La PME, qui imagine même déjà aller encore plus loin, envisage pour sa marque Smart Loop d’autres possibilités de développement. Sur la même base, la machine pourrait être facilement s’adapter au broyage des contenants plastiques ou au recyclage d’autres matières. "Il y aura alors différentes marques, prévoit Bruno Vergne. Nous voulons arriver sur ce marché avec des prix compétitifs et nous serons sur un modèle de leasing. C’est pour nous un complément de business et l’occasion d’adresser un marché plus local."
Avec Smart Loop, SLTS s’éloigne en effet de ses activités initiales, ou pour le moins de ses différents marchés qui vont lui faire atteindre cette année un chiffre d’affaires de près de 14 millions d’euros. La PME créée en 1980 et spécialisée dans la tôlerie fine, l’usinage et la chaudronnerie, emploie actuellement 95 collaborateurs en Maine-et-Loire et dispose aussi d’un site de production d’une quinzaine de personnes à Tanger, au Maroc. "Cet atelier déporté est indispensable pour être compétitif sur certains produits, pour répondre à une demande plus low cost mais aussi pour nos clients qui font du business local", précise Bruno Vergne.
Grands comptes hexagonaux
SLTS travaille à environ 40 % pour l’aéronautique, à 25 % pour le ferroviaire et pour le reste pour le médical ou d’autres secteurs de l’industrie. "Nous adressons depuis plusieurs années de grands donneurs d’ordres, poursuit le dirigeant. Ce sont essentiellement des clients français. Nous réalisons 10 à 15 % de notre activité à l’international, principalement avec des grands comptes hexagonaux, et les clients étrangers, européens pour la plupart, ne représentent que 2 à 3 % de notre chiffre d’affaires."

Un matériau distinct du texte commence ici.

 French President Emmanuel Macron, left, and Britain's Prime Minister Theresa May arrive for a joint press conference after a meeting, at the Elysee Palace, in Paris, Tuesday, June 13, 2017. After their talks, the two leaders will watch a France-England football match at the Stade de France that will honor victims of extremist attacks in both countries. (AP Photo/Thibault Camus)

Avec son bureau d’études intégré et son outil de production, SLTS peut "partir d’une feuille blanche pour répondre à une demande client", indique Bruno Vergne et fabrique des pièces indépendantes ou des produits assemblés. Par exemple, l’entreprise fournit ainsi les sièges en bois et métal du tramway de Nantes, des coffrets électriques pour le secteur aéronautique, des coffres étanches pour les rames de métro, des pantographes pour le TGV ou encore des plafonds de cabine pour des paquebots. Avec son automate entrant dans la boucle du recyclage des bouteilles, la PME lambertoise veut maintenant s’ouvrir un nouveau marché.